MITCH ADDS: Er, not so fast here. Minnesota’s law is incredibly murky in this area One of the elements of an affirmative self-defense claim in Minnesota is that the home-owner has to make every reasonable effort to disengage and de-escalate, where “reasonable” means ‘would convince a jury”. How reasonable is “reasonable?” It depends on how zealously anti-gun your local prosecutor is. In Granite Falls, a simple “go away, I have a gun” might get you off. In Saint Paul, fleeing your attacker until you’re in the very last closet in the very furthest room from the burglar’s entry point might be enough to keep the prosecutor off your back, but that’s no guarantee; the prosecutor might maintain that if you’d actually given the burglar your gun and kids, he’d have gone away and you’d have averted a fatal shooting. The jury might or might not be another thing – but that means a trial, which means hiring a defense attorney and burning up a whole lot of money.
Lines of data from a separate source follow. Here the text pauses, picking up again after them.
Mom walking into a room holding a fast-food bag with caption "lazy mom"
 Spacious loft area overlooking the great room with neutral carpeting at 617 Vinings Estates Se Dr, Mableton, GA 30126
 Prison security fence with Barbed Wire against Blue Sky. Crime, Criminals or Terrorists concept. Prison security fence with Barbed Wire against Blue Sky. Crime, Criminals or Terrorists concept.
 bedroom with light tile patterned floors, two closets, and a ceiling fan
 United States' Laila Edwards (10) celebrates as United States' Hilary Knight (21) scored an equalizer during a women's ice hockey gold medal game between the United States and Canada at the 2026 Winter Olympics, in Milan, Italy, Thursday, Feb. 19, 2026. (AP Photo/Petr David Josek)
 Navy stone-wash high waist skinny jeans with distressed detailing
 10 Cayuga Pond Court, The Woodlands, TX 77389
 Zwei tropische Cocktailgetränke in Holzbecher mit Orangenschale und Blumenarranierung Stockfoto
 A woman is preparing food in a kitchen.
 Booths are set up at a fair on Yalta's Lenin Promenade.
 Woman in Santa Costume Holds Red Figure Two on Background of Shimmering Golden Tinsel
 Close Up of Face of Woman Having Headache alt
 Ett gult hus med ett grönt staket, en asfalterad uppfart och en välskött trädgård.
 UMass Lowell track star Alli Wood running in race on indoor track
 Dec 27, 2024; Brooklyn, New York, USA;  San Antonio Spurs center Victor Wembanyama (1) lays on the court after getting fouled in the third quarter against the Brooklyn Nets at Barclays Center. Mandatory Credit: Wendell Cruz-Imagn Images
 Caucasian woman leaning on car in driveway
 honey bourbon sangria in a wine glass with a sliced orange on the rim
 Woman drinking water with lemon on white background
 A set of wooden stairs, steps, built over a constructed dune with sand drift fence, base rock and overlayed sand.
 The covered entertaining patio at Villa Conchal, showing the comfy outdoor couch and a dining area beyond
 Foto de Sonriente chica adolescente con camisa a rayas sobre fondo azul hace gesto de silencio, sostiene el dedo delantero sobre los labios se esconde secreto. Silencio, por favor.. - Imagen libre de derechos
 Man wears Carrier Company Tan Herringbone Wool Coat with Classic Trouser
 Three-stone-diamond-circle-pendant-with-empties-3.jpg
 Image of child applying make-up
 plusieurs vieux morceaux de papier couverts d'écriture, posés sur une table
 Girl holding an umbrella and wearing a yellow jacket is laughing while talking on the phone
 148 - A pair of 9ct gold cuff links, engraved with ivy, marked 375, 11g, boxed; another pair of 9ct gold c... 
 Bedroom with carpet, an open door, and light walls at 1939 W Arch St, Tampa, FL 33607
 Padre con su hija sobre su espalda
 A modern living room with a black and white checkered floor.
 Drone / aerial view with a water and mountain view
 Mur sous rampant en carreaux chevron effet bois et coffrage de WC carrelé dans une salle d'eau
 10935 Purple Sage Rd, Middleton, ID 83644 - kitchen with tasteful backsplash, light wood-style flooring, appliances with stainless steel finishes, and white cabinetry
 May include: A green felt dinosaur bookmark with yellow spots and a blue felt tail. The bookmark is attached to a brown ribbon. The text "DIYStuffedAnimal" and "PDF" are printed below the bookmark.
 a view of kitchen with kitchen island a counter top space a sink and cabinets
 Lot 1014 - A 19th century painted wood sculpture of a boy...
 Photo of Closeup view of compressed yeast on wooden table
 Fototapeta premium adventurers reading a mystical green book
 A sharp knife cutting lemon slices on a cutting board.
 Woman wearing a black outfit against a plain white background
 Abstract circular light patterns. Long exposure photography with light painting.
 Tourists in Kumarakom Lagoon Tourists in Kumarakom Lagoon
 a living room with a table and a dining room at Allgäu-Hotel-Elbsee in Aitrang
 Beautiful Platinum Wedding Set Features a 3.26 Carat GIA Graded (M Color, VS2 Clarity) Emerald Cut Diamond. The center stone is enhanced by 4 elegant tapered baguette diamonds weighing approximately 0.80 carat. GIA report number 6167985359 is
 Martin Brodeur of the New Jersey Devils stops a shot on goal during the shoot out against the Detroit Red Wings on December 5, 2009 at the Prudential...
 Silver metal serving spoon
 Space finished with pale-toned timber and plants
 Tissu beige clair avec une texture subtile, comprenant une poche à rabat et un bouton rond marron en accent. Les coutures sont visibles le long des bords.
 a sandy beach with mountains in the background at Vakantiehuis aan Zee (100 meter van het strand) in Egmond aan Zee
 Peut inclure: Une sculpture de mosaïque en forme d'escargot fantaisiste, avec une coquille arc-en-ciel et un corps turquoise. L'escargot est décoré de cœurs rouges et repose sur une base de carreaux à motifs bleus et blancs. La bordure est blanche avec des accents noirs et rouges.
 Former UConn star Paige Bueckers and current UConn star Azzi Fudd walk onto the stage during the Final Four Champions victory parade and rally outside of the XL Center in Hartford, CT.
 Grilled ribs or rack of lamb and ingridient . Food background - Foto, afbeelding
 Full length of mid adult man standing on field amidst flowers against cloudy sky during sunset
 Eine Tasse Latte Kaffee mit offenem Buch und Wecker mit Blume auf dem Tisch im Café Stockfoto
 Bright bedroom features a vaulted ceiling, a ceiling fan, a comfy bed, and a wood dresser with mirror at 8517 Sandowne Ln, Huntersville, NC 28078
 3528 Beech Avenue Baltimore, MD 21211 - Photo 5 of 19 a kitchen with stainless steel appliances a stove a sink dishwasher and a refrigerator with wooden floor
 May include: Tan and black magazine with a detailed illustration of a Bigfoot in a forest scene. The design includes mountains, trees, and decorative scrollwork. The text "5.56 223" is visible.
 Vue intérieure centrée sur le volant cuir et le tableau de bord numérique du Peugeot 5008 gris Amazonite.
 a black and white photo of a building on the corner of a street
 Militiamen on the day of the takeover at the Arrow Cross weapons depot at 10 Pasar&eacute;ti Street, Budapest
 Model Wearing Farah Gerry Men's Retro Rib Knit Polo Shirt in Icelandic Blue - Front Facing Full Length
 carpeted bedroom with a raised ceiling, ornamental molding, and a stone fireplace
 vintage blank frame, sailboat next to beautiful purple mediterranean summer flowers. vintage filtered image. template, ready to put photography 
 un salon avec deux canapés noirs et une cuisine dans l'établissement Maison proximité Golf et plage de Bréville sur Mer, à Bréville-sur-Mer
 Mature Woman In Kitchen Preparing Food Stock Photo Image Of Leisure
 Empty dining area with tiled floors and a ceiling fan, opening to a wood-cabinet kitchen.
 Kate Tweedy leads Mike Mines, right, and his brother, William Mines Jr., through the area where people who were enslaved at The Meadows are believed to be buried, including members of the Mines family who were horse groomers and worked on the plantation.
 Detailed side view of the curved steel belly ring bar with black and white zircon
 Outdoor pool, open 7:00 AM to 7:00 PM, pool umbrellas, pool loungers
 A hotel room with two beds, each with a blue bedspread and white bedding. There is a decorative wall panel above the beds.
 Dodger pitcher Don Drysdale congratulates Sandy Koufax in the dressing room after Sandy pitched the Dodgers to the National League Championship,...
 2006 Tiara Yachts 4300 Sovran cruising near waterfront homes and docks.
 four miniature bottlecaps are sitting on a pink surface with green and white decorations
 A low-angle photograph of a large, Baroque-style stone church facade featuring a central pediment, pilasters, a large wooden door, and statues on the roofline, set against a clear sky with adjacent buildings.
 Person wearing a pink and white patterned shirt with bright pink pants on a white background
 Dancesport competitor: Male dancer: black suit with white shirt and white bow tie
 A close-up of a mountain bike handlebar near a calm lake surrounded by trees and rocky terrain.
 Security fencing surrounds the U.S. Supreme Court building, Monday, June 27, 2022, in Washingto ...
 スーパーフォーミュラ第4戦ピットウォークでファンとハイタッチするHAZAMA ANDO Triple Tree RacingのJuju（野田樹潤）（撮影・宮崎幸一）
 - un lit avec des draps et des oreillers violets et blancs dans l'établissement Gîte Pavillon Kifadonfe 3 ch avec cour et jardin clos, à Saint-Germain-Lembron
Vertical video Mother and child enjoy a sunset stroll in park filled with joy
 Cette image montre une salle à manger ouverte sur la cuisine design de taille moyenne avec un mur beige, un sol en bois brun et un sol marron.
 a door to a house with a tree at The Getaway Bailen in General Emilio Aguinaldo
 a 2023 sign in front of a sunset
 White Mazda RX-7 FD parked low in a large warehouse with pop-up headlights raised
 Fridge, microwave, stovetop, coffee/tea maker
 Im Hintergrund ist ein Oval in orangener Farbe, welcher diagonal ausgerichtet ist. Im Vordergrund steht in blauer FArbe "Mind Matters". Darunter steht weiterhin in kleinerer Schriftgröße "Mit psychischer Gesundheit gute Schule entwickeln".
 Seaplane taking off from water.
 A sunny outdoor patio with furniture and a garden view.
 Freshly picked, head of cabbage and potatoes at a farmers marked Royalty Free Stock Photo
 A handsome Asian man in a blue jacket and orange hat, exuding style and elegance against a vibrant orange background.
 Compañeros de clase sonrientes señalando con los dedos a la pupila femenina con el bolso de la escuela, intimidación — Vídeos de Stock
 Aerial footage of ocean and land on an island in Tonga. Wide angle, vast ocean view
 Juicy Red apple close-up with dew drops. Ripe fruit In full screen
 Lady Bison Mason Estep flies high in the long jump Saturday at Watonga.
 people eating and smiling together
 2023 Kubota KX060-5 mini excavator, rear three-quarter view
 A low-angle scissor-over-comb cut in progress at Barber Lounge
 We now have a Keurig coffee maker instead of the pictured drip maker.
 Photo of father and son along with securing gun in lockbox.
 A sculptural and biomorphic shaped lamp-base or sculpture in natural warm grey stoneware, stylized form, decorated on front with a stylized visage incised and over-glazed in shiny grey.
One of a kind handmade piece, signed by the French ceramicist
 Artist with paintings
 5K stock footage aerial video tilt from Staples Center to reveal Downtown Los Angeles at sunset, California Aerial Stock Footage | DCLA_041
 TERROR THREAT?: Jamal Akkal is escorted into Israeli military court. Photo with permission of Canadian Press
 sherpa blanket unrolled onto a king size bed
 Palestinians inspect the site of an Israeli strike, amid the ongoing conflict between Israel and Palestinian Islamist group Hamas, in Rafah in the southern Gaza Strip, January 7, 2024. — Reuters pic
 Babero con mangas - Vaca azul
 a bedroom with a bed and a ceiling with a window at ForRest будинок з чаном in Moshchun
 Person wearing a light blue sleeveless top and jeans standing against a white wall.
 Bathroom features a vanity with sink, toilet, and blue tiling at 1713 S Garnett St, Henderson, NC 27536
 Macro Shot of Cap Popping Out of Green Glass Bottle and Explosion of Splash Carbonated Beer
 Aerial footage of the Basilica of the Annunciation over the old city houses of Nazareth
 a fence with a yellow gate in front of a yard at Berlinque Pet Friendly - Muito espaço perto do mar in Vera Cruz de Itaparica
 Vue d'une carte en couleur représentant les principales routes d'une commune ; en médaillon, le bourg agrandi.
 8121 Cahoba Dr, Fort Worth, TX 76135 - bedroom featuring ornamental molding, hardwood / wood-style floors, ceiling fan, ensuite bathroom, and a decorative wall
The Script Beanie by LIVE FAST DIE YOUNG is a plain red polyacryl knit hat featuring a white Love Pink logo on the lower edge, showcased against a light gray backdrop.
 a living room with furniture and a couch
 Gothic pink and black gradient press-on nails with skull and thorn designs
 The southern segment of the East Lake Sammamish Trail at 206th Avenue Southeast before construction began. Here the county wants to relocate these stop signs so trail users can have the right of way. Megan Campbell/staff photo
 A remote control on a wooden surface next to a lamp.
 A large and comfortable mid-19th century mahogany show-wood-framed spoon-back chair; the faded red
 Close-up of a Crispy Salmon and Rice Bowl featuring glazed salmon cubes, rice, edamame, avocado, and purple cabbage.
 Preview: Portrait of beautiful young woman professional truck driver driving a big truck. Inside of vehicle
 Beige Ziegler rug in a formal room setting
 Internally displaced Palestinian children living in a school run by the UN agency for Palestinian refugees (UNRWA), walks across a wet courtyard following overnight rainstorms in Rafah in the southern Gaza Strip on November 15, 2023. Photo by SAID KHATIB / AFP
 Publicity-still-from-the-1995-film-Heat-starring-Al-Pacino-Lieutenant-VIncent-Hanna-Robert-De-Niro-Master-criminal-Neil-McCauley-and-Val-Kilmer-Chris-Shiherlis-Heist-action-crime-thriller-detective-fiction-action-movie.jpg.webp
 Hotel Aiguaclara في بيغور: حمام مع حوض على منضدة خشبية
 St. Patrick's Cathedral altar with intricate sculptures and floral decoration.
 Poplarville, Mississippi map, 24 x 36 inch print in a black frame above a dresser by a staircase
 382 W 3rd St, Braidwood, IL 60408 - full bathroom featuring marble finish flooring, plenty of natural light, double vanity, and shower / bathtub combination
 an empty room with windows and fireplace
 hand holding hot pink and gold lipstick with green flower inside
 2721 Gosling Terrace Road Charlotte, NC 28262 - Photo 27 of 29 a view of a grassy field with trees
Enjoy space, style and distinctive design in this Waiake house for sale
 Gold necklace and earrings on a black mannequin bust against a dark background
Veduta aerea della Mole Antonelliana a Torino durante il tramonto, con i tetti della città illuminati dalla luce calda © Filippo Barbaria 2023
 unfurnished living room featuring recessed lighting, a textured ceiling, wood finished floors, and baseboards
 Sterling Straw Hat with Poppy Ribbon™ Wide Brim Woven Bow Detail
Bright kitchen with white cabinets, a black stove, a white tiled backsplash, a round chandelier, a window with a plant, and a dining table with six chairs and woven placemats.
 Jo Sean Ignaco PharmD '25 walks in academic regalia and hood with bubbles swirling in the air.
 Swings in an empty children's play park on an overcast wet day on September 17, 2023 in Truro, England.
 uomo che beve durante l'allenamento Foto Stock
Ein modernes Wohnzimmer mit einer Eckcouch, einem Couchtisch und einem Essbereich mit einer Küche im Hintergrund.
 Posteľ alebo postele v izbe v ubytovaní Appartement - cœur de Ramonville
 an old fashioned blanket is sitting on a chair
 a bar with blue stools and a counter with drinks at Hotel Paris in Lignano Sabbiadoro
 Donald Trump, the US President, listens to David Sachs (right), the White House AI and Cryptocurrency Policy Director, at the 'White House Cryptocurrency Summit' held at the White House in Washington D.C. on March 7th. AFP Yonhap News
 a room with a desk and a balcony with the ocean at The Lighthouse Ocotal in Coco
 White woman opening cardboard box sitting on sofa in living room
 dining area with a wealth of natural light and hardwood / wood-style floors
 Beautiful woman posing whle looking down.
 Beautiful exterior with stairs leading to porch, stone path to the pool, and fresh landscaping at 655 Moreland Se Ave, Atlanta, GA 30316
Rep. Tony Cornish proposed a “stand your ground” bill in the ’07 legislature, back when the grownups still controlled one chamber in the legislature. It got completely slandered by the ill-informed, in-the-bag media, which called it a “shoot first” bill; has anyone considered the ramifications of shooting second, by the way? Anyway – a stand your ground law would be a good thing; it’d define how far you have to back down on your own property, instead of leaving it up to prosecutors’ discretion.
It’s yet another reason we need to win the legislature back this year.